*** Opening Data for the task ***

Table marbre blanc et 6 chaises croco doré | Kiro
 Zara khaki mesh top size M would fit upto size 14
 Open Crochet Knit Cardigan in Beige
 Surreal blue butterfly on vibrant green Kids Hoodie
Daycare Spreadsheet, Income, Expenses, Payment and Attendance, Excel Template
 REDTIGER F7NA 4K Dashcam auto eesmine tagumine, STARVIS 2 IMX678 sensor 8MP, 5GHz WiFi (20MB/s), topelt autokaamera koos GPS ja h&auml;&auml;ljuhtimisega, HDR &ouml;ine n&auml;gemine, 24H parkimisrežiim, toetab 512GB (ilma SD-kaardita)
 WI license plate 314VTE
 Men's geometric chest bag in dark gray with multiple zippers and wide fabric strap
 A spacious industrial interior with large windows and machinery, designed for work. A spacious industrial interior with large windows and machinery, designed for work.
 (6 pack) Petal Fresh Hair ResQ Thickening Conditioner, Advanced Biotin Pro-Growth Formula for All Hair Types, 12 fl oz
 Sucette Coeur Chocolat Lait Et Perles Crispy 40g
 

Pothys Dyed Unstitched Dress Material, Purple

*** Closing Data for the task ***

Your goal ::
Exactly repeat the lines from the line that contains "Open Crochet Knit Cardigan in Beige" to the end of the entries, both included, and leave out all other lines.

Output below ::
 Open Crochet Knit Cardigan in Beige
 Surreal blue butterfly on vibrant green Kids Hoodie
Daycare Spreadsheet, Income, Expenses, Payment and Attendance, Excel Template
 REDTIGER F7NA 4K Dashcam auto eesmine tagumine, STARVIS 2 IMX678 sensor 8MP, 5GHz WiFi (20MB/s), topelt autokaamera koos GPS ja h&auml;&auml;ljuhtimisega, HDR &ouml;ine n&auml;gemine, 24H parkimisrežiim, toetab 512GB (ilma SD-kaardita)
 WI license plate 314VTE
 Men's geometric chest bag in dark gray with multiple zippers and wide fabric strap
 A spacious industrial interior with large windows and machinery, designed for work. A spacious industrial interior with large windows and machinery, designed for work.
 (6 pack) Petal Fresh Hair ResQ Thickening Conditioner, Advanced Biotin Pro-Growth Formula for All Hair Types, 12 fl oz
 Sucette Coeur Chocolat Lait Et Perles Crispy 40g
 

Pothys Dyed Unstitched Dress Material, Purple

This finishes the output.